具体的には、繰り返し回数=(規定数の絶対値−1)になったときに到達したとみなす。これはS40−2と同様である。
S41−3:補完処理部2006が、補完時間=持続時間+割り込み間隔を求め、これをデバイス制御コマンド送信部2003へ渡す。
発明の実施の形態によれば、動作時間を任意に設定できるサウンドの演出と、動作時間をタイマー割り込み間隔でしか設定できないデバイスの演出との尺誤差を抑制することができ、両演出を同期させることができる。特に、同じサウンド・デバイスの演出が繰り返される場合において、尺誤差が累積することを避けることができる。尺誤差が累積しないので2つの演出のズレが大きくならない。遊技者は演出のズレを認識しないから、遊技者に演出のズレという違和感を生じることがなくなる。
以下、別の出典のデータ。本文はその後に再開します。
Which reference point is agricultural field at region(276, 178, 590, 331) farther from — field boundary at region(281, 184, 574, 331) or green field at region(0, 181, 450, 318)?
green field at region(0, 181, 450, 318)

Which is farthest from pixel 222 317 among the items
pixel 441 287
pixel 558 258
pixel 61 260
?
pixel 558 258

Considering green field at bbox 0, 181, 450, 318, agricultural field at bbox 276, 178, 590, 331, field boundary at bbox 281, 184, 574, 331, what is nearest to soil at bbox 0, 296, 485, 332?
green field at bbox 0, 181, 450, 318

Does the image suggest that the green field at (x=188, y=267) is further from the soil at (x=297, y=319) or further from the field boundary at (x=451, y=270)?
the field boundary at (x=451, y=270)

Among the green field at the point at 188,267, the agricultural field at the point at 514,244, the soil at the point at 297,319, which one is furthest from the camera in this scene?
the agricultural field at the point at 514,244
発明の実施の形態では既存のデバイスデータを補完して使用しているので、そのデータ量が増大するという問題は生じない。これに対し、繰り返し回数に応じてそれぞれデバイスデータを用意するようにすれば尺誤差の累積を避けることができるものの、データ量が繰り返し回数の倍数にまで増えてしまう。データ量の増大を避けることができるという点で本発明の実施の形態は優れている。
なお、以上の説明においては、もっぱらサブ基板20に接続されている電飾装置などのデバイスを例にとり説明を加えたが、本発明の実施の形態はメイン基板10に接続されているリールユニット203などのデバイスについても適用することができる。例えば、図16に示すように、タイマー2001〜補完処理部2006をメイン基板10に設け、デバイス制御コマンドでリールユニット203を制御することで、サウンドと演出に係る回胴の回転を正確に同期させることができる。図16では、サウンド再生コマンドはサブ基板20を経由してスピーカ基板201へ送られるが、これに要する伝播時間は割り込み間隔に比べて十分小さく、無視することができる。
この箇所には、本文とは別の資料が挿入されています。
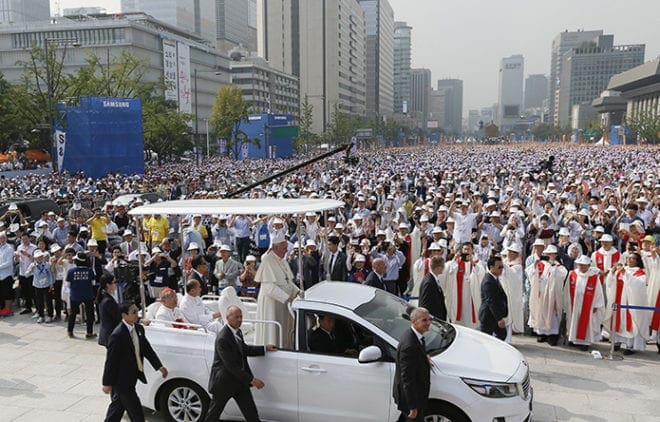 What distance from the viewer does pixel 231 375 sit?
5496mm

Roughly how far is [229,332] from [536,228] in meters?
8.71

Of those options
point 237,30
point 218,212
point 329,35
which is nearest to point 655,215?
point 218,212

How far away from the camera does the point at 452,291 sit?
9.12m

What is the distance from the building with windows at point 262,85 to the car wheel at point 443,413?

図16の装置は、いわゆる回胴演出を行う遊技機に好適である。通常、回胴はスタートスイッチの押下による遊技の開始で回転し、ストップスイッチの押下で停止するものであるが、回胴による演出機能を備えるスロットマシンでは、スタートスイッチ押下からストップボタン押下までの期間、より正確に言えばスタートスイッチ押下から回胴が定常回転になるまでの期間において、各回胴を不規則に上下に動かすなどの特殊な動作を行うことで、内部当選を報知することがある(通常遊技における回胴の動きは一方向かつ一定速度の規則的なものであるから、演出による回胴の動きとは容易に区別することができる)。このようなリールの動作は、回胴演出と呼ばれる。この回胴演出に発明の実施の形態を適用することができる。
以上の説明においてスロットマシンを例に取り上げたが、本発明の実施の形態はこれに限らずパチンコ機のようなほかの遊技機にも適用できることは言うまでもない。
本発明は、以上の実施の形態に限定されることなく、特許請求の範囲に記載された発明の範囲内で、種々の変更が可能であり、それらも本発明の範囲内に包含されるものであることは言うまでもない。